CASTELLANO, Giuseppe
Nato probabilmente prima del 1660 a Napoli, fu qui pittore di una certa notorietà, anche se di lui Bernardo De Dominici (Vite de' pittori, scultori ed architetti napoletani, Napoli 1742-1745), il quale perfino degli artisti minori del suo tempo dà notizie spesso dettagliate, stranamente non parla. Sta di fatto che, entrato nel gennaio del 1686 nella corporazione dei pittori napoletani - la "Confraternita di S. Anna e di S. Luca dei Pittori" al Gesù Nuovo -, l'anno seguente il C. ne fu eletto prefetto. Ricopri tale carica anche nel 1695 e nel 1700, mentre nel 1699, essendo stato pure eletto, "per sua modestia" non l'accettò, ma volle "cederla al sign.r Luca Giordano, et esso... esistere per primo assistente". Si trattò evidentemente di un atto di omaggio al maestro che, trovandosi in Spagna, doveva aver ottenuto qualche voto in meno e che il C. in effetti sostituì. D'altra parte egli fu abbastanza attivo nella corporazione, se durante il suo primo governo, nel 1687, promosse la fondazione del Monte dei maritaggi per le figlie dei pittori iscritti e se poi fu tra quelli che offrirono gratuitamente la loro opera per la decorazione della cappella della Confr.aternita: nel 1689, allorché con Paolo de Matteis ed altri ornò la volta, e dieci anni dopo, quando nella tribuna eseguì, accanto ad affreschi di altri pittori, i busti di S. Maria Maddalena de' Pazzi e di S. Caterina da Siena, di S. Pietro e di S. Paolo in monocromato e, nel catino, una Gloria di puttini e di angeli. Ed è significativo che nel 1710, allorché la decorazione della cappella venne rinnovata, questa conservò, per la loro qualità, la Gloria stessa e l'affresco centrale della volta del de Matteis.

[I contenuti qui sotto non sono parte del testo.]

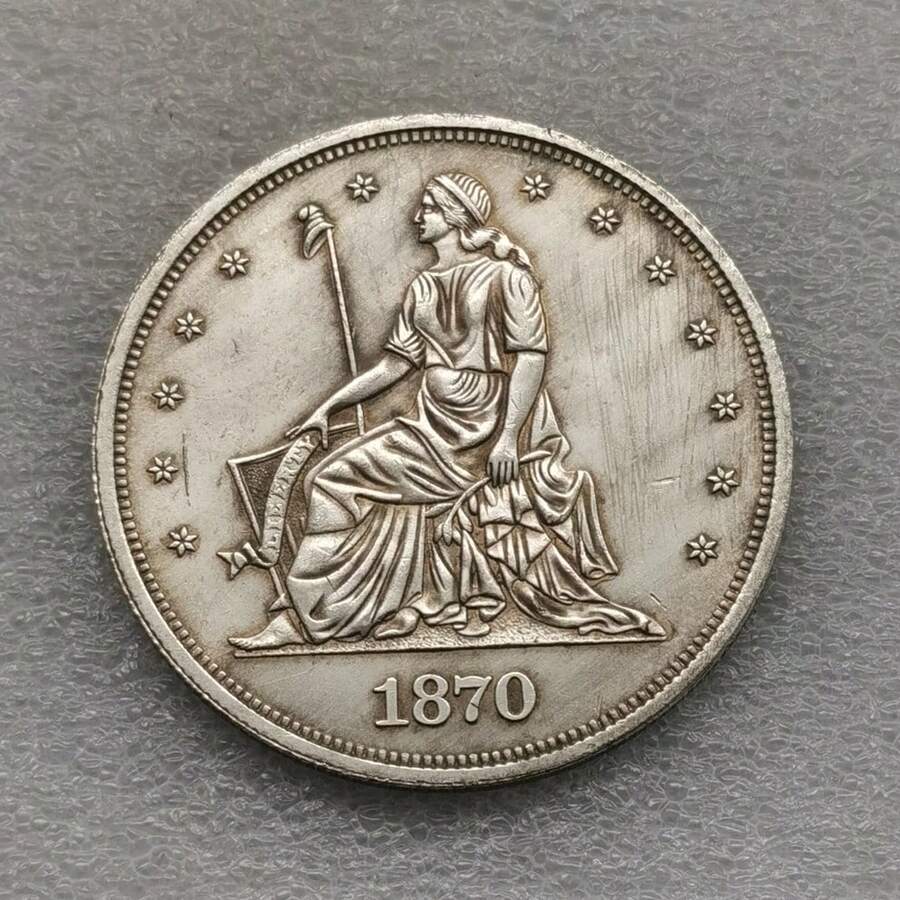 COPIA RÉPLICA de los patrones de la moneda de $1 de dólar estándar sentado de 1870 - Plateado - Ver 1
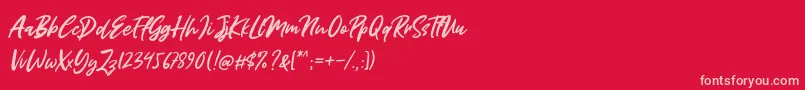 Miss Rhinetta Font – Pink Fonts on Red Background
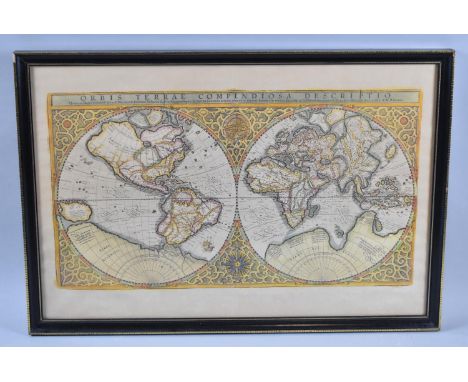 A Framed Print of the Twin Hemisphere Map by Gerardi Mercatoris, 56x37cm 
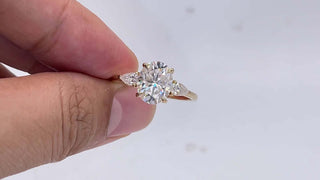 2.44 CT Oval Moissanite Three Stone Engagement Ring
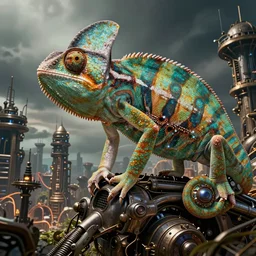 giant chameleon looming over a steampunk city by boris vallejo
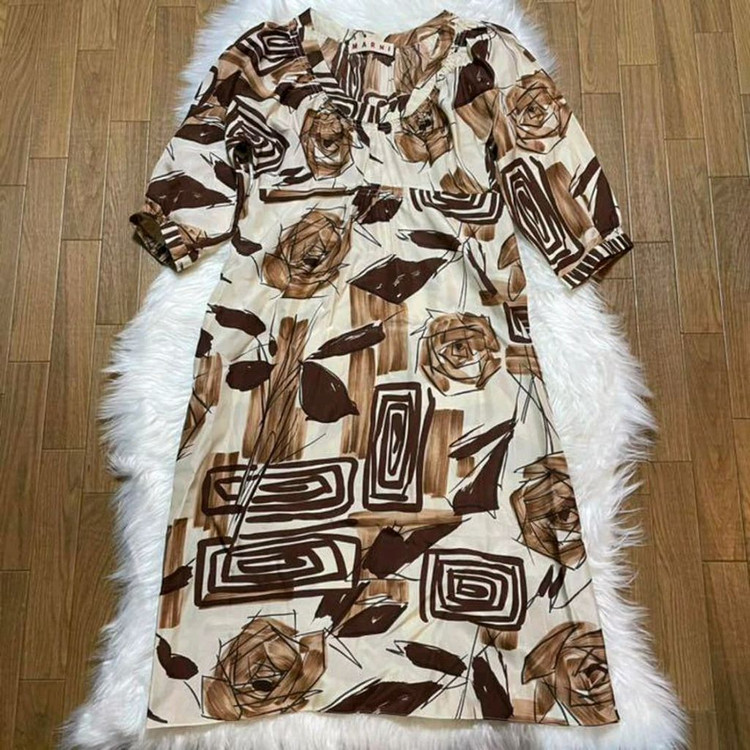 드라이완료)명품 명품 MARNI 마르니 쇼라인 실크 추상패턴 베이비돌 원피스 이미지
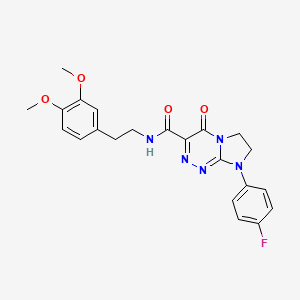 molecular formula C22H22FN5O4 B2567775 N-(3,4-dimethoxyphenethyl)-8-(4-fluorophenyl)-4-oxo-4,6,7,8-tetrahydroimidazo[2,1-c][1,2,4]triazine-3-carboxamide CAS No. 946280-95-1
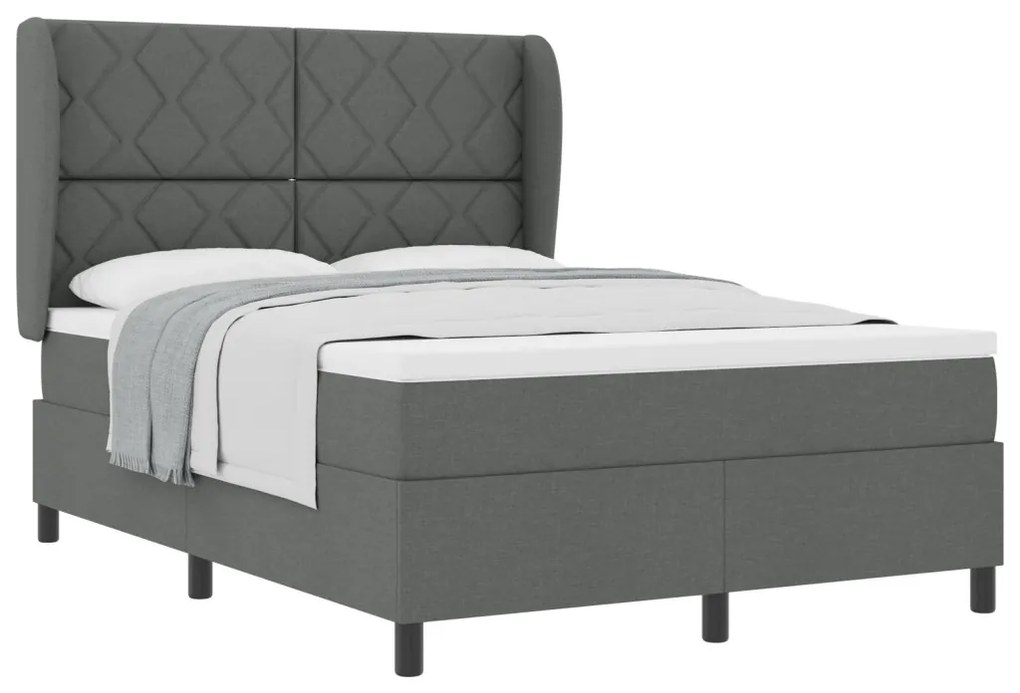 Boxspring Ágy Matracokkal - Sötétszürke, 140x190 cm, Szövet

Chiaramente suggestionato dall'intonazione classicheggiante che quest'ultimo aveva attinto a Roma direttamente dal Maratta, ma incapace di adeguarsi alla sua grazia ormai settecentesca, il C. fu essenzialmente un giordanesco. Sebbene di quando in quando tentasse di temperarne la foga, scadendo peraltro in una fredda maniera, egli rimase legato fino alla fine alla movimentata visione del Giordano, nella quale, del resto, anche attraverso il riecheggiamento dell'opera di Giovan Battista Benaschi, si innestava quella del Lanfranco. Rimase fermo, perciò, in una posizione che, senza dire del grande Solimena, al quale il C. pure si rifece, fu per qualche altro giordanesco più dotato solo di partenza. Ma, nonostante i limiti, per una certa scioltezza di accenti e un colorito caldo e luminoso, egli fu capace di qualche raggiungimento degno di nota, che spiega la fortuna di cui godette.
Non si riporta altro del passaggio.